Saturday 11 February
It is said that we live in a 'post-truth' age in which 'fake news' and 'alternative facts' can flourish. The internet allows conspiracy theories to be aired and social networking sites facilitate the rapid spread of gossip and rumour. Donald Trump’s notorious tweets serve to illustrate the trend.
Meanwhile, nearer home, a survey has found that a third of respondents believe that the BBC’s news reporting is biased against Scottish independence. After the 2014 referendum, around 4,000 people protested outside the BBC headquarters in Glasgow, some waving placards with the slogan 'British Brainwashing Corporation'. Unsurprisingly, the BBC rejected this allegation, claiming that its news reports followed editorial guidelines requiring 'fairness, accuracy and impartiality'. The latest survey shows responses are divided along constitutional and generational lines. Two-thirds of those who voted in favour of independence believe the BBC is biased. Similarly, younger people are more inclined to be critical of BBC coverage than those over 65.

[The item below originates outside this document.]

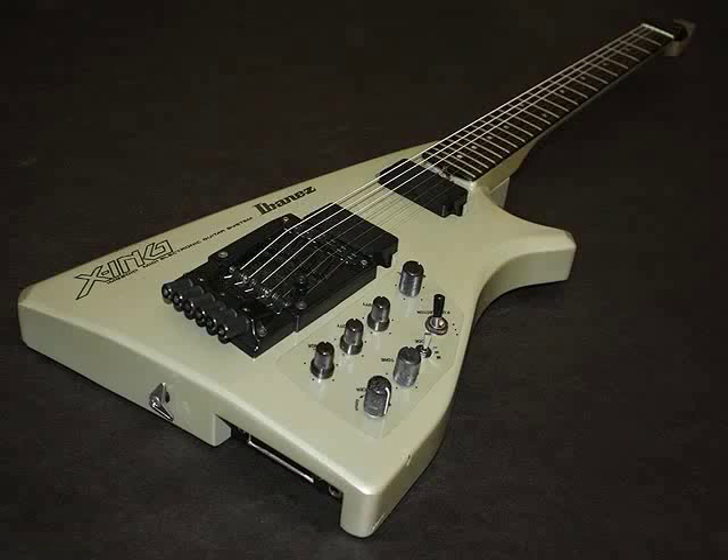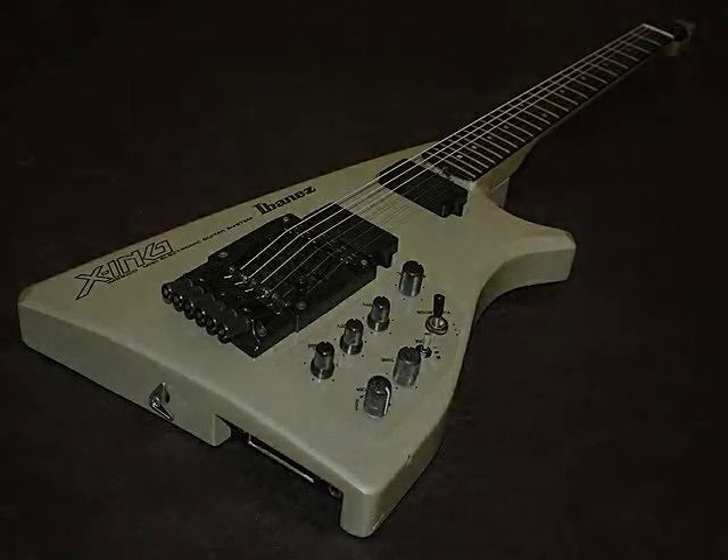So first we'll look at how the MC-1 works, and then we'll look at assigning some controls to the GM-70.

It is likely that these findings will be used by nationalists to restate their case for moving control of broadcasting to Holyrood. The implications of that argument need to be examined carefully. A healthy democracy requires an independent and diverse media. Governments of all shades try to control what is broadcast and written about them. Scottish broadsheet newspapers (the Herald and the Scotsman) are struggling and offer poor value compared to the Scottish edition of the Times. They rely too much on the self-regarding press releases of government and its agencies. As for serious investigative reporting, it is virtually non-existent. Home-based television coverage of Scottish politics is uninspiring, though STV reports tend to have a sharper edge than those of the BBC, thanks to the robust style of Bernard Ponsonby. For me, it is the quality of news coverage, rather than allegations of bias, that is the real issue. Handing power over to those with an interest in steering debate in a particular direction, with the aid of compliant media cronies, is unlikely to address that problem.